What Can Couples Therapists Learn from a Martial Arts Master?

The Japanese sensei who developed Aikido described it as the art of tapping the energies found in any life situation as a means of finding innovative solutions.

When I came across a YouTube video of Aikido master Richard Moon, I felt captivated by the smooth, almost effortless movements he used to redirect an opponent without doing harm.

As he explains, Aikido isn’t a series of techniques for winning a fight. Instead, it’s peace in action. “In our metaphor,” he says, “the attack represents the energy of change.”

Inspired by his words, I felt driven to learn more about the philosophy at the heart of this powerful yet calm practice.

Three simple principles for peaceful engagement

What I find remarkable about Aikido is that harmony, not strength or skill, is the crucial resource in redirecting conflict. 

The three core principles of this martial arts practice are:

  1. Presence: our ability to feel where we are; bringing our attention to focus on what we’re experiencing
  2. Harmony: our capacity to sense the energies of the situation; listening rather than forcing an opinion
  3. Creativity: our willingness to share who we are in pursuit of answers 

Richard offers these principles as insights into the gentle, yet decisive movements seen in his video – but also as essential guidance for living. (If you’re feeling intrigued, check out “Life in Three Easy Lessons,” his free downloadable book.) 
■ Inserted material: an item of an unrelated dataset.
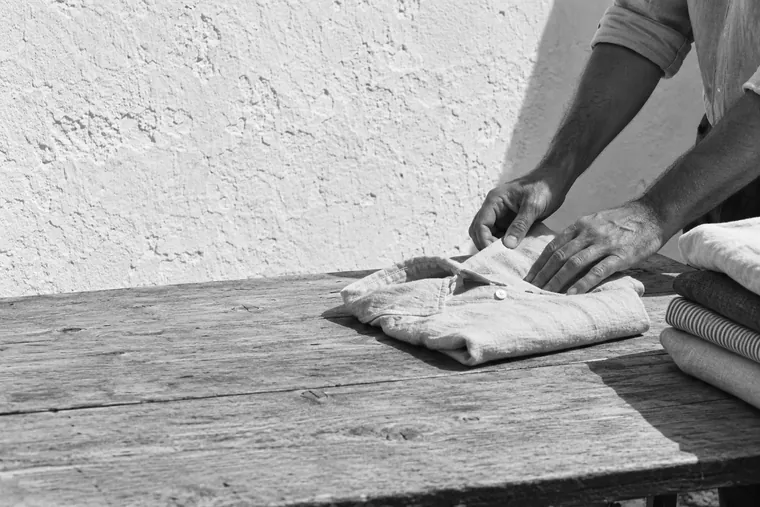 Two hands folding a linen shirt on a bare wooden table, a stack of pressed clothes at the edge of the frame, a limewashed wall in full sun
These principles seem important not only for couples in conflict or in the midst of change, but also for us as we lead them into creative solutions, new behaviors, and different ways of relating to each other. 

I value having new avenues to reach couples, new ways to describe their inner work. Aikido has been around for about 100 years, and other martial arts have been practiced much longer. I can imagine lots of couples who can relate to these ideas. I especially like how the first two principles – being present and being in harmony with the situation – point towards the creative solutions. And note that being in harmony doesn’t mean agreeing or shutting down. It means listening rather than resisting. It means not forcing an opinion.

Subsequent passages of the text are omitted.